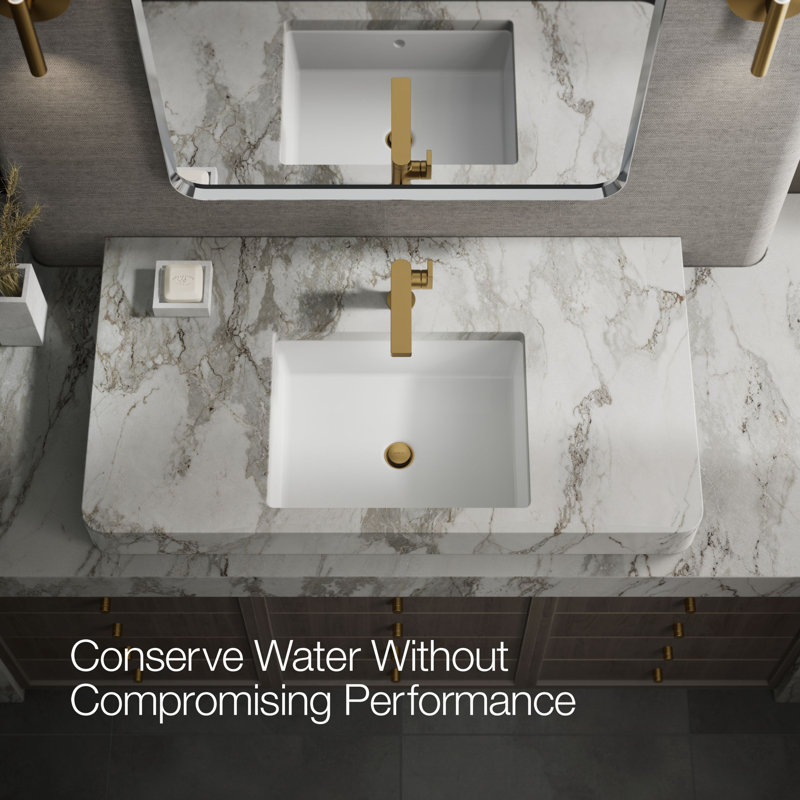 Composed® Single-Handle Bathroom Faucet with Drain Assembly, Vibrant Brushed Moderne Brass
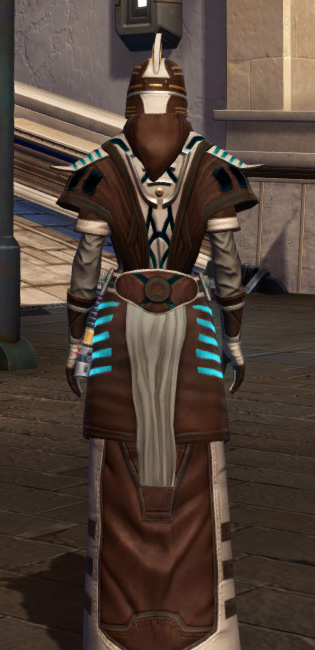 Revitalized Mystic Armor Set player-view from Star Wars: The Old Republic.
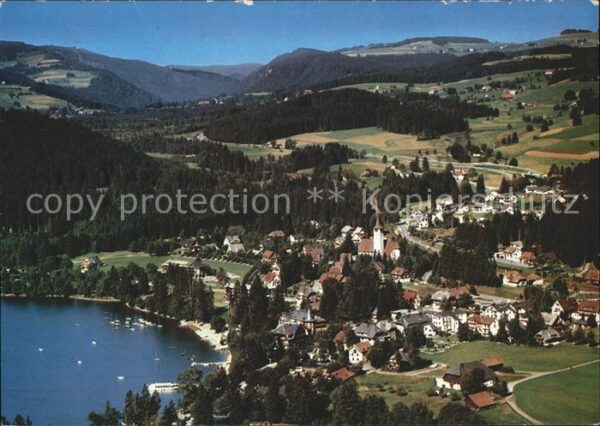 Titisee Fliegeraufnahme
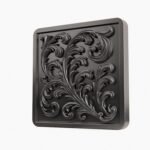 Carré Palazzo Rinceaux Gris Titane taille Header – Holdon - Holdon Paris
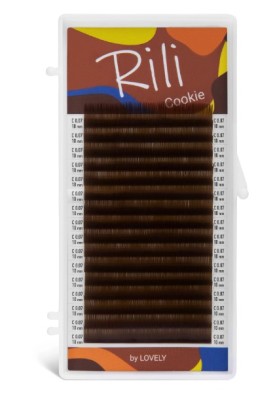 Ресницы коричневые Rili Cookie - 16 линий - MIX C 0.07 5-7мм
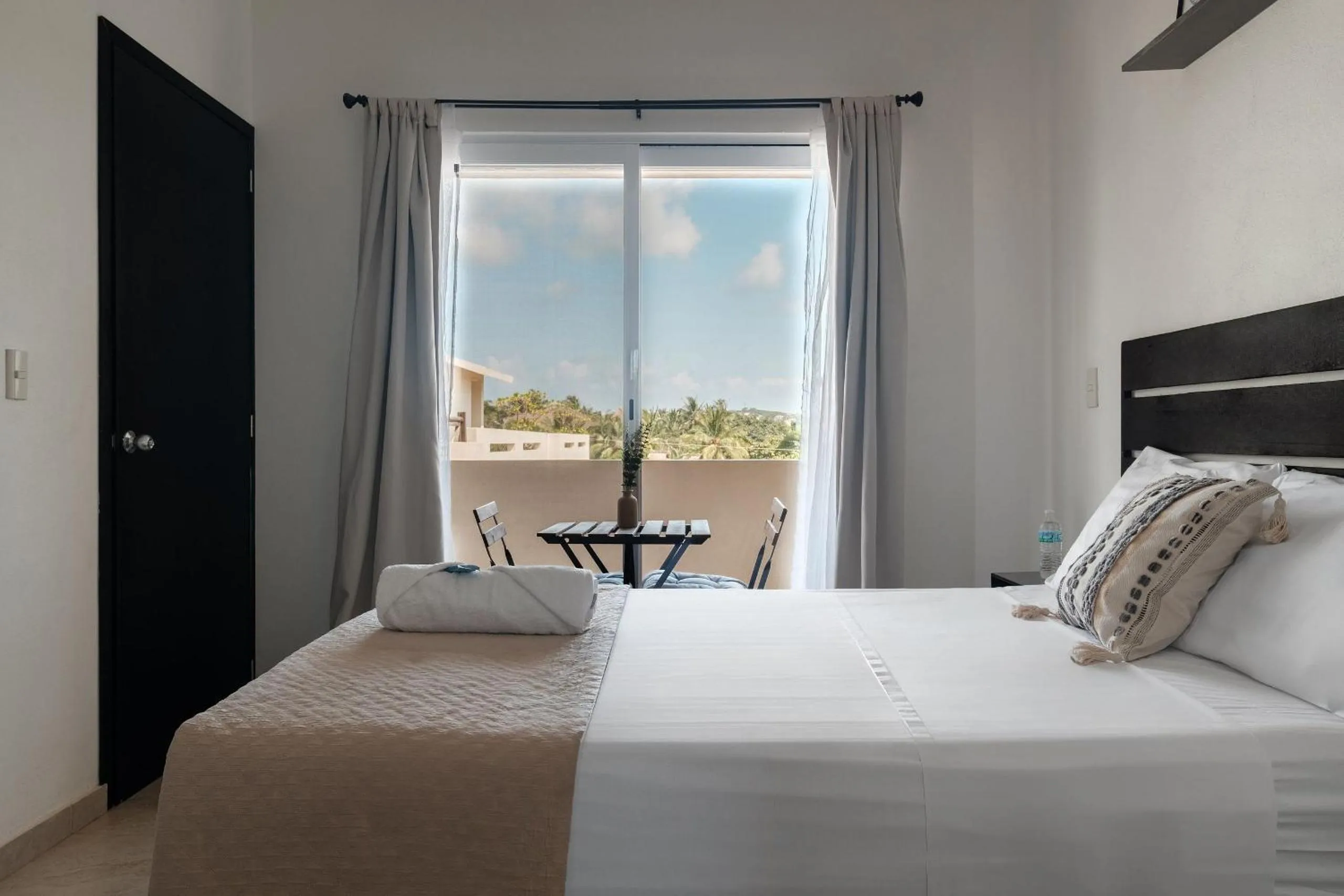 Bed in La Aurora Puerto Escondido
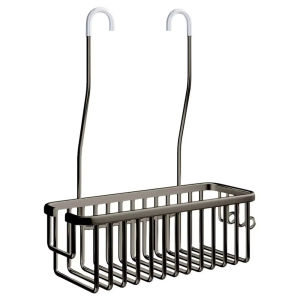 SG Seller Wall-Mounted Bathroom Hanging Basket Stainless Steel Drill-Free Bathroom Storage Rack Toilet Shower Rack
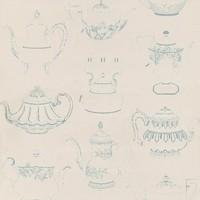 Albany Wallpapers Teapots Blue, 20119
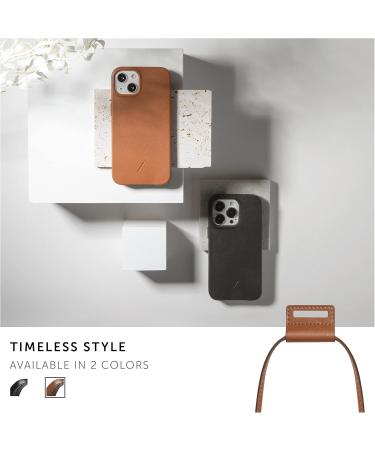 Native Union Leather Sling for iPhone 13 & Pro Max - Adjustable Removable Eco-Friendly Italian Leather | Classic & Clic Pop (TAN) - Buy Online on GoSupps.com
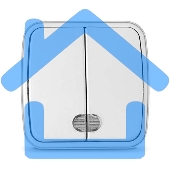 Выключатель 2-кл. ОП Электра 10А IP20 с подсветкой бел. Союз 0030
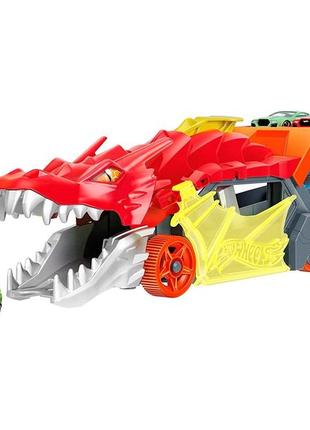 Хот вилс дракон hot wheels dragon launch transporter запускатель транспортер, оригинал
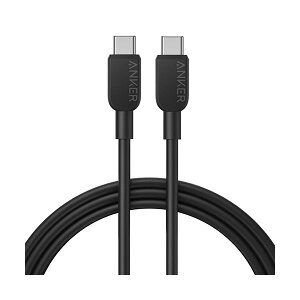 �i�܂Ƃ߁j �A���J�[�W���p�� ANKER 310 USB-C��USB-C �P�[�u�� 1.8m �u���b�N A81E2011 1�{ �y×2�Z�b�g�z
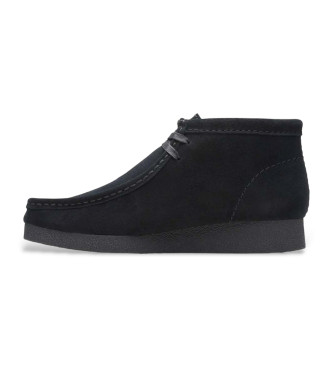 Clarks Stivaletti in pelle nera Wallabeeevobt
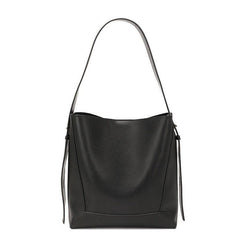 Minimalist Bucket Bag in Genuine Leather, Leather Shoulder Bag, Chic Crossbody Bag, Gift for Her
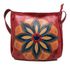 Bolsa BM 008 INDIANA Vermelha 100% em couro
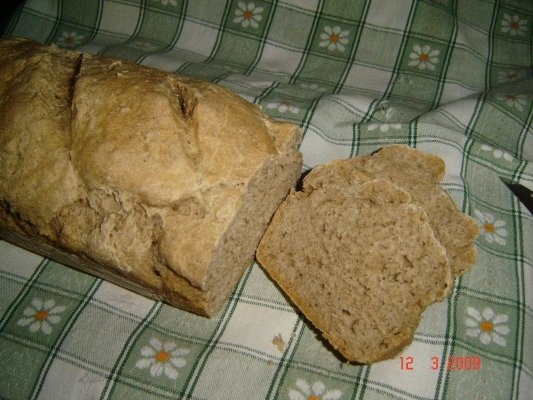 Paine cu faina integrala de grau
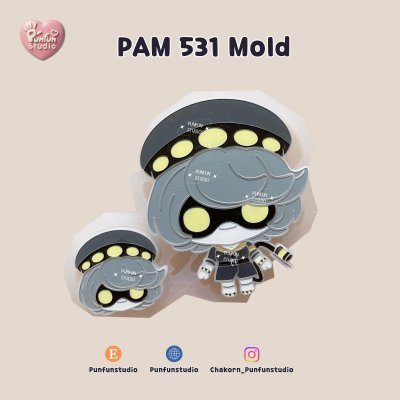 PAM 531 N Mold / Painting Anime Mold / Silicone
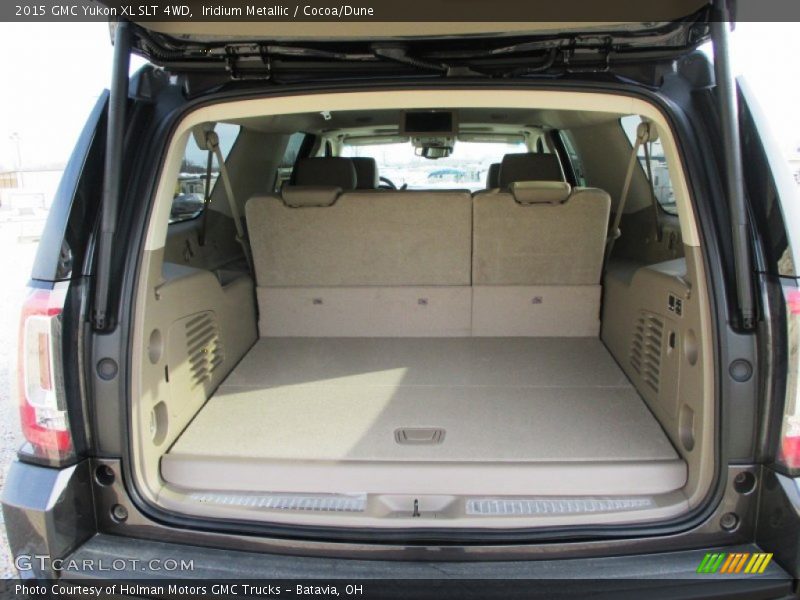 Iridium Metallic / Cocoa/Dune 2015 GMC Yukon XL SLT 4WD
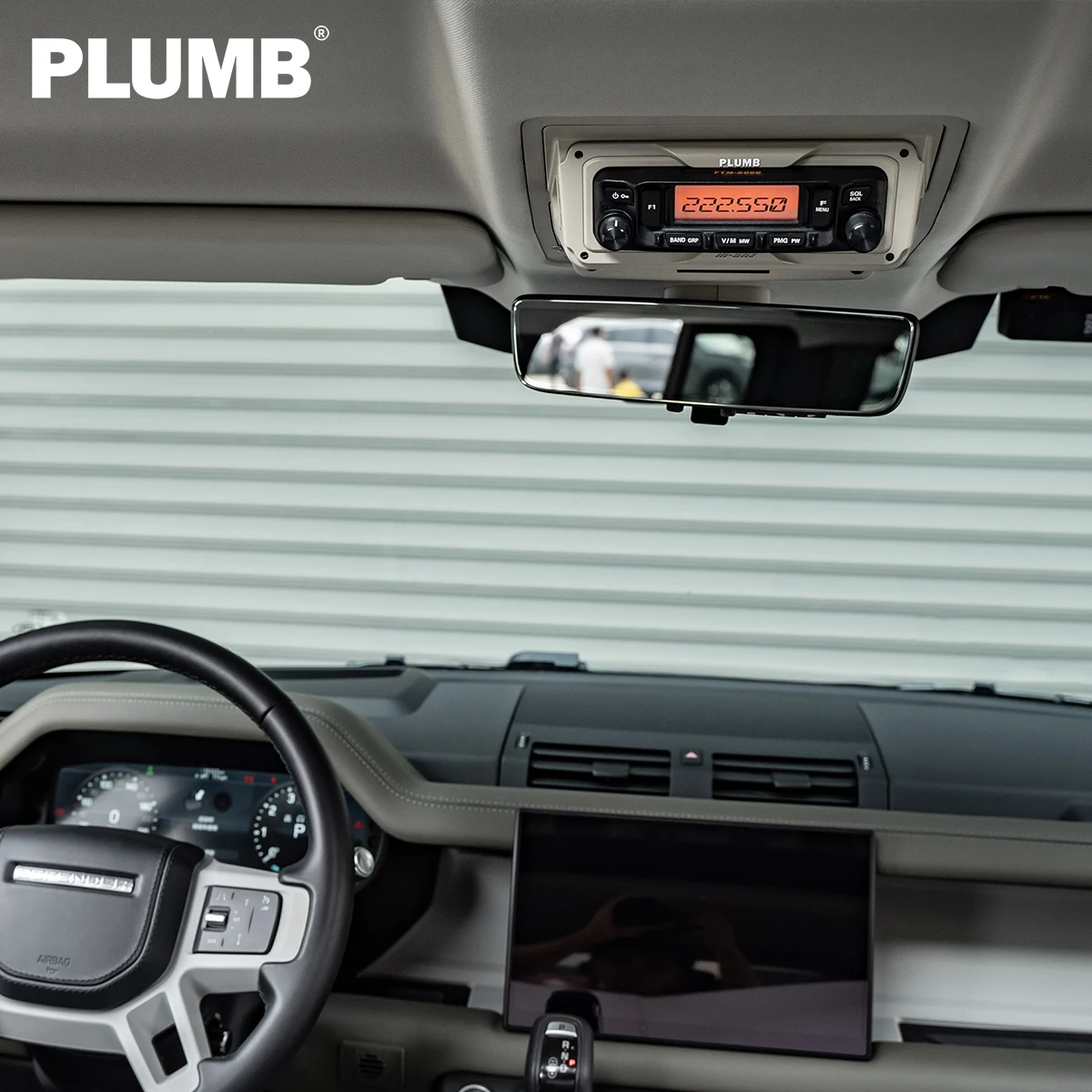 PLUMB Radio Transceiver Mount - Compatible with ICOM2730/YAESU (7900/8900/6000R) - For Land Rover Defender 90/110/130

---

■ **EXERCISE AIM**: Give the listing again in full, exactly as it is, but without its images.

■ **REPLY**:
 Composed® Single-Handle Bathroom Faucet with Drain Assembly, Vibrant Brushed Moderne Brass
 Revitalized Mystic Armor Set player-view from Star Wars: The Old Republic.
 Titisee Fliegeraufnahme
 Carré Palazzo Rinceaux Gris Titane taille Header – Holdon - Holdon Paris
 Ресницы коричневые Rili Cookie - 16 линий - MIX C 0.07 5-7мм
 Bed in La Aurora Puerto Escondido
 SG Seller Wall-Mounted Bathroom Hanging Basket Stainless Steel Drill-Free Bathroom Storage Rack Toilet Shower Rack
 Albany Wallpapers Teapots Blue, 20119
 Native Union Leather Sling for iPhone 13 & Pro Max - Adjustable Removable Eco-Friendly Italian Leather | Classic & Clic Pop (TAN) - Buy Online on GoSupps.com
 Выключатель 2-кл. ОП Электра 10А IP20 с подсветкой бел. Союз 0030
 Хот вилс дракон hot wheels dragon launch transporter запускатель транспортер, оригинал
 �i�܂Ƃ߁j �A���J�[�W���p�� ANKER 310 USB-C��USB-C �P�[�u�� 1.8m �u���b�N A81E2011 1�{ �y×2�Z�b�g�z
 Clarks Stivaletti in pelle nera Wallabeeevobt
 Minimalist Bucket Bag in Genuine Leather, Leather Shoulder Bag, Chic Crossbody Bag, Gift for Her
 Bolsa BM 008 INDIANA Vermelha 100% em couro
 Paine cu faina integrala de grau
 PAM 531 N Mold / Painting Anime Mold / Silicone
 Iridium Metallic / Cocoa/Dune 2015 GMC Yukon XL SLT 4WD
 PLUMB Radio Transceiver Mount - Compatible with ICOM2730/YAESU (7900/8900/6000R) - For Land Rover Defender 90/110/130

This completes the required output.